# Lake Waynoka



## basstracker (Jun 30, 2005)

I realize that this is one of those "private community" lakes, but I had a chance at one of my favorite places to fish. For such a great day of weather,the fishing was tough! Not sure how many of you out there got out Sunday to stretch a line or two, but for those of you who did get out, was it as tough for you where you were as it was for me? Tried a variety of techniques until I realized a slow moving carolina rig worked best for me. The fish were tight to the bottom and the bites were light. Did manage to catch 4 perch, 4 bluegills and 1 dinky largemouth. Water temp was 53-55 avg and fairly clear. Caught almost all the fish in about 8-10' of water and around rocky shores.

Tight Lines!


----------



## truck (Apr 12, 2004)

Just sold a lot that I owned their last year.I think that lake has gone down hill in the past 10 yrs.Used to be my fav fishing hole also  Caught my PB lm out of there 5#12oz,man I am getting old that was about 22 yrs ago


----------



## JIMS SVT (Aug 19, 2004)

Theres perch in there?


----------



## DAVELEE (Apr 19, 2004)

yeah lake waynoka has a lot of perch in it and good sized ones up to 12 inches. i seem to always catch a nice mess of them in the spring when i am chasing the crappie there are also a few walleye left in there but not many.

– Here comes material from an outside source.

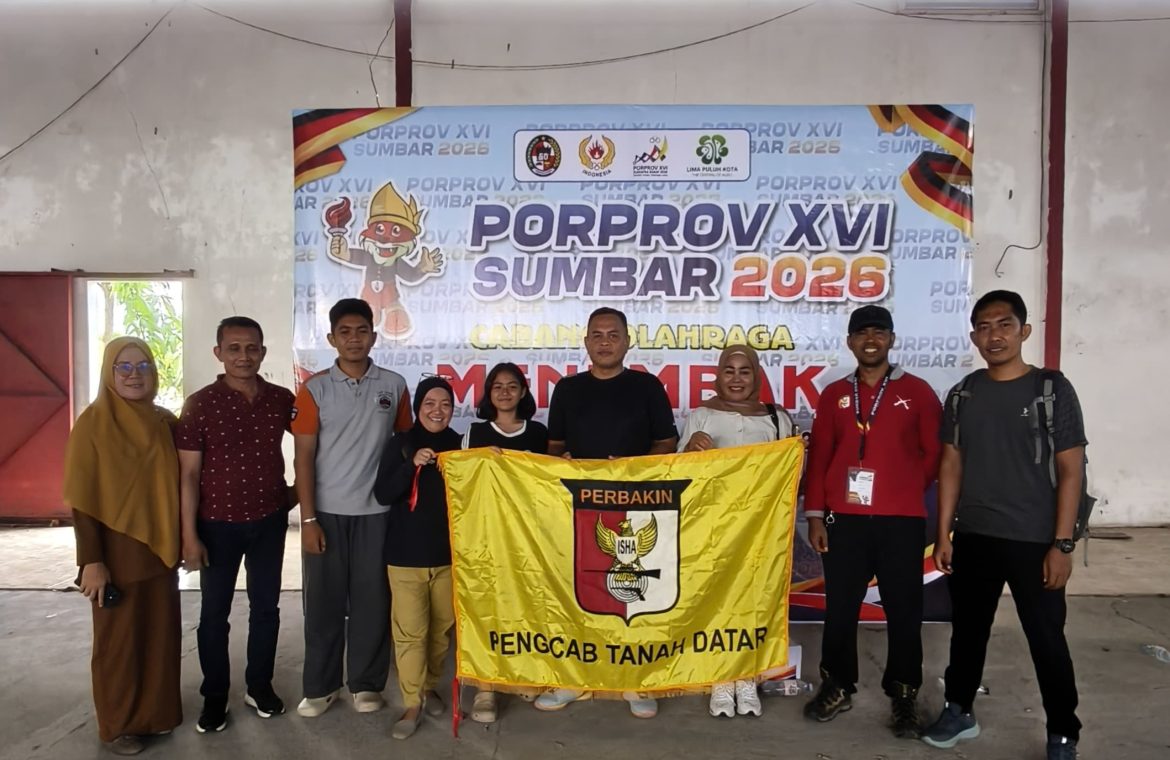 Atlet Menembak Tanah Datar Sabet Emas dan Dua Perak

lake waynoka in its hey day back in the late 80's was a great lm lake full of 5lbers and the occasional 7 or 8 lber. my personal best was 7lb 4 oz but i netted an 8lb fish for a buddy of mine in january of 85. the problem with the lake these days is that it is mis managed for fishing. the key focus of the lake committee is stocking and weed removal which conflict with each other because the only real cover the lake has ever had is underwater weedbeds.
so without cover the stocked fingerlings dont last long and the fishery suffers.
from the late 70's up to the early 90's the lake was full of **** tail and other aquatic grasses providing great cover but then white amur were added, spraying started and they lowered the lake every winter (which i hear for the first time in 15 years there not going to lower it this year). as far as the recent bite this lake is always tough in the fall but once the water cools into the 40 to 50 degree range there is usually always a good pig in jig bite all winter


----------